Thank you very much for sharing, your train of thguoht I would like to encourage you to continue your blogs on technology in higher education, it is a career where we as technology professionals in higher education do not share a lot of information except at conferences. Once again I like to say thank you.
I think there are two other aspects that need to be coevred in this discussion and which you alluded to briefly affect and impact. When we discuss efficiencies and effectiveness in the context of total productivity, we have to include the overall affect and impact on the area where we are trying to improve on efficiencies and effectiveness. The affect and impact on a given area, whether that is lab support, application support, research and development or any other given area where IT is involved, has to be considered both in the short term and in the long range planning. Of these two, impact is the most visible and probably the most likely to change the overall effectiveness of the CIO's role.We recently witnessed the impact of Hurricane Irene on the east coast. The efficiencies and effectiveness of the weather reporters, FEMA and local government staff, and other support services could not have been better conducted; however, the impact of the storm, the torrential rains and the damage caused by the post-storm flooding could not have been stopped no matter how efficient or effective the pre-storm preparations were. One could ask, what the comparison of this event has in relationship to IT in higher education and that would be a fair question. The comparison, as I see it, is that no matter how well you prepare, no matter how efficient or effective your vision for your department and programs will' be, no matter how well you communicate to the administration, staff and students, you still have to deal with the aftermath of any changes to the environment that you make towards the end objective of being more efficient. The aftermath could be positive or negative depending on what was done, but you have to be ready to support the change in policies, procedures or staffing to your constituents while limiting the negative impact or affect on their environment.A prime example is the implementation of change management. If performed correctly and with proper governance, change management can have an extremely overall positive affect on IT operations. At the same time, even if performed correctly, change management has a tendency to slow the implementation process. The impact to the end users, if they have been accustomed to having their requests acted upon immediately, will be received as a negative change. The CIO and the IT department has to be prepared to support or even defend these types of changes and the impact of these types of changes.

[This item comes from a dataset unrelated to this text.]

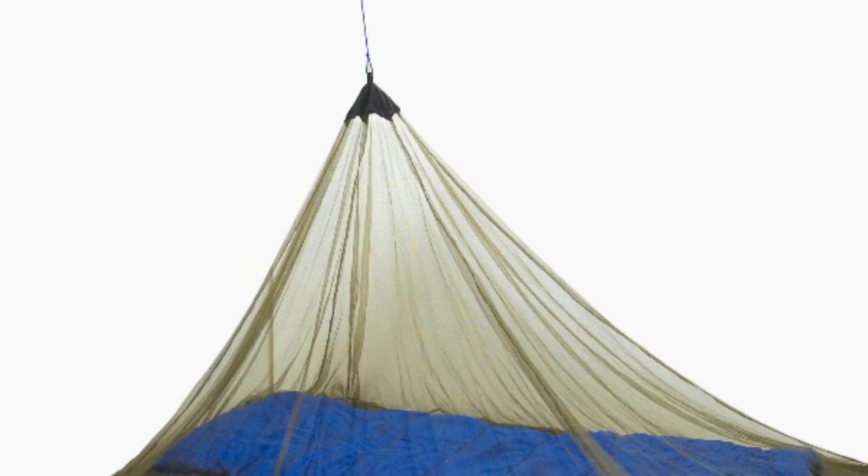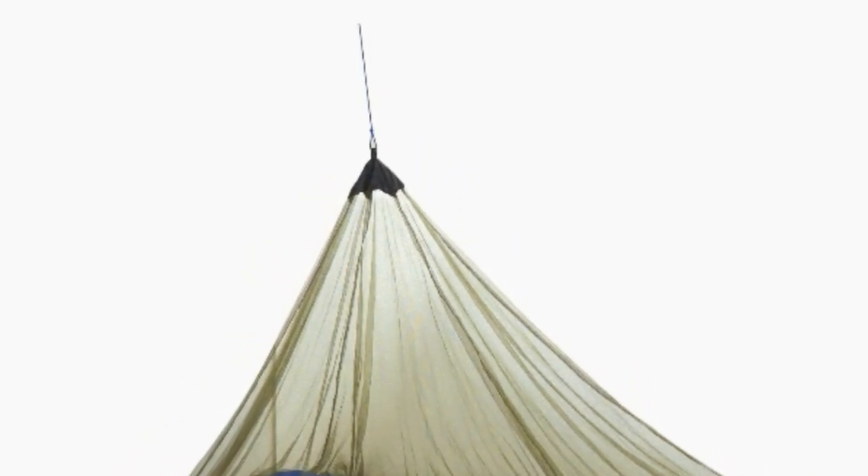Now this is the mosquito net that I use. I'm going to show you how I attach it up there. I have six spots on the ceiling with Velcro, and I just Velcroed the net to the ceiling. You get under it and just press it onto the Velcro, and it drapes over the bed nicely and keeps all the bugs out.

I think the overarching principle of 'adapt and adopt' is the key takeaway from ITIL - remembering that it's a framework and not the rule-book. I've 'implemented' ITIL-based processes in both large and small companies and have found that if you take the principles of the framework and apply with common sense, you can do wonders.

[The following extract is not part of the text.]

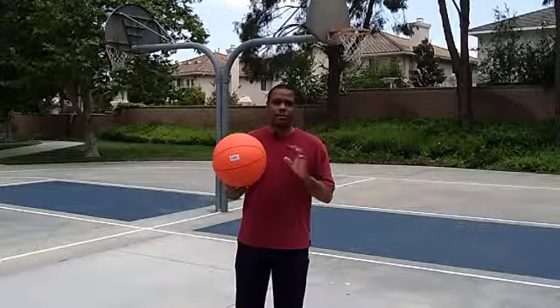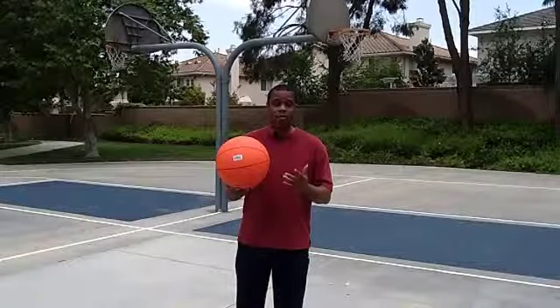For all you basketball purists, before you start rolling your eyes, give me a second here and let me explain how I use it and how it works.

Another piece of advice is that ITIL isn't everything - it's intended to guide service management throughout the lifecycle but IT organisations need other supporting processes and practices, like any other organisation.
What is the progress on ISO/IEC 20000-8 (the process assessment model) please anyone?

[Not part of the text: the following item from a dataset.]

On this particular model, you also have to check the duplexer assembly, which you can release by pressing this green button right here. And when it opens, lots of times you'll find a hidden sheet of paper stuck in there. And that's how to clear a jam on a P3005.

@Anonymous (11/04/2012): Why ask IT what it wants to achieve? One should be asking what does Business want to achieve. IT is an enabler.
Why is ISO15504 not featured as part of the jigsaw diagram above? Other ISO's recognise it as an enabler (such as ISO20000-4) and you mention it in your text under ISO20000-8. Is this an omission or does it have a valid place alongside 90006, 27013, and 19770 as a related process?
Hi, Interesting comments and thoughts. From what I see ITIL has some good aspects. But to think there is an all encompassing all including, all solution system for IS...IT... for corporations is unrealistic. Each corpaoration or company must find their own way of managing their infrastructure. ITIL is not for the small. And for the large ITIL is very costly and lengthy to implement.
Sounds somewhat like "Manage by Exception' in Prince2 mixed with a little bit of Agile (do the things that matter most) - I like it!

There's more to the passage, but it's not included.